● Task directions
Find the line in the entries below that contains "204 Mary St, Oakville, ON L6K 1S4". Repeat it exactly, and every line after it through the line that contains "wander-senses-lago-dobbiaco-dolomites-italy.jpg".

● Information shown
--------
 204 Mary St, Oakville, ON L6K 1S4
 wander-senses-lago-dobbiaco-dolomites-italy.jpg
--------
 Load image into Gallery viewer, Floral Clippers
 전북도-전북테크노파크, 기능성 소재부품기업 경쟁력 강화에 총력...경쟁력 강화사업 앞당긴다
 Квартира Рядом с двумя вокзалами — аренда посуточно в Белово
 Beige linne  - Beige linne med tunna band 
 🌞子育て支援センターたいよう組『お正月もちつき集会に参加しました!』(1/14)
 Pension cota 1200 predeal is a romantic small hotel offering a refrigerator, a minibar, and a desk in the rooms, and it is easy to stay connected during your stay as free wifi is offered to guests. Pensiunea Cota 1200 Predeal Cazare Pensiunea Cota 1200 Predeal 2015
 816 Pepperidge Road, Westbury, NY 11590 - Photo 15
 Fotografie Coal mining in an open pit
--------
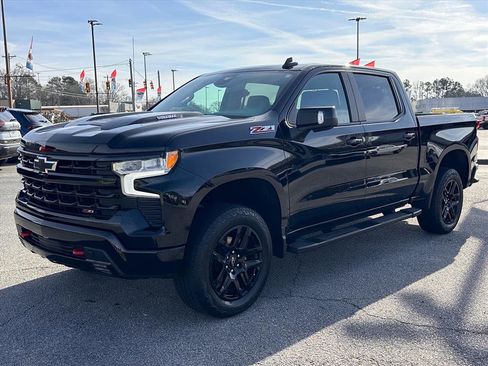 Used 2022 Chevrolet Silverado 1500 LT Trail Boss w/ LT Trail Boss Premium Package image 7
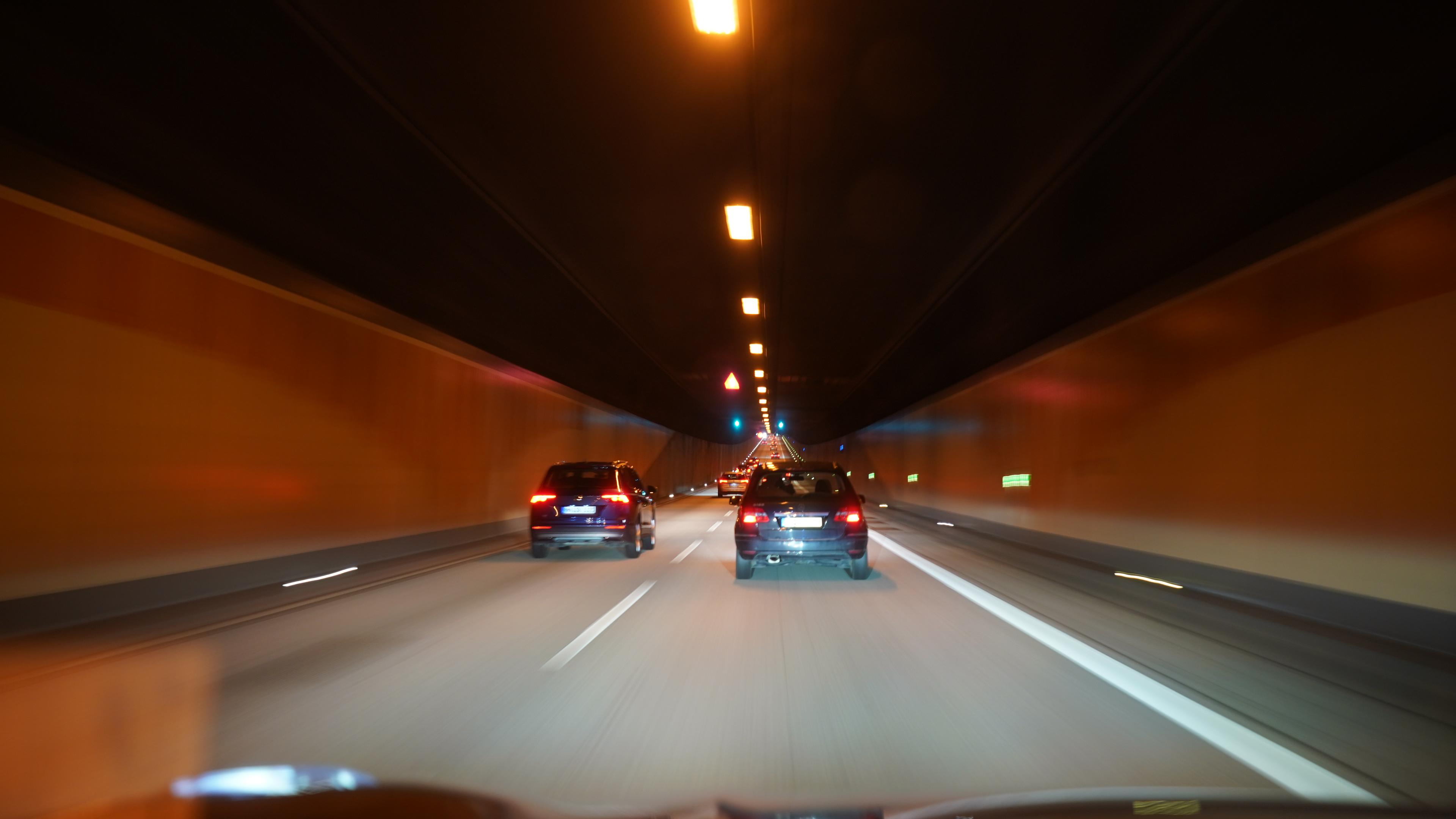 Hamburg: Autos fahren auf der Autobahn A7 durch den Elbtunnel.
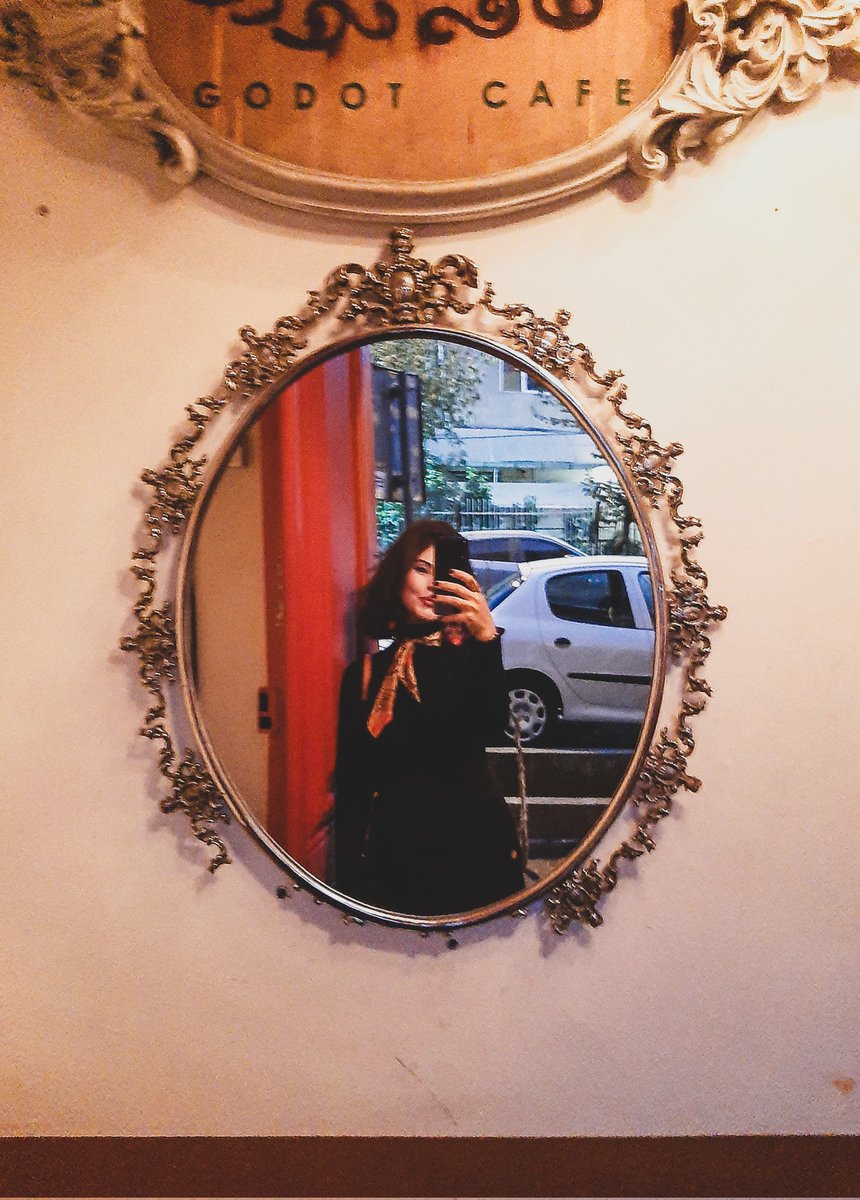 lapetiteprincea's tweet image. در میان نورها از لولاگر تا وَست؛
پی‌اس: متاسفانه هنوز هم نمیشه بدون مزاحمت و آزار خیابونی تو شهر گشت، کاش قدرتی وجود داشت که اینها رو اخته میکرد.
--------
● Solution to this exercise
 204 Mary St, Oakville, ON L6K 1S4
 wander-senses-lago-dobbiaco-dolomites-italy.jpg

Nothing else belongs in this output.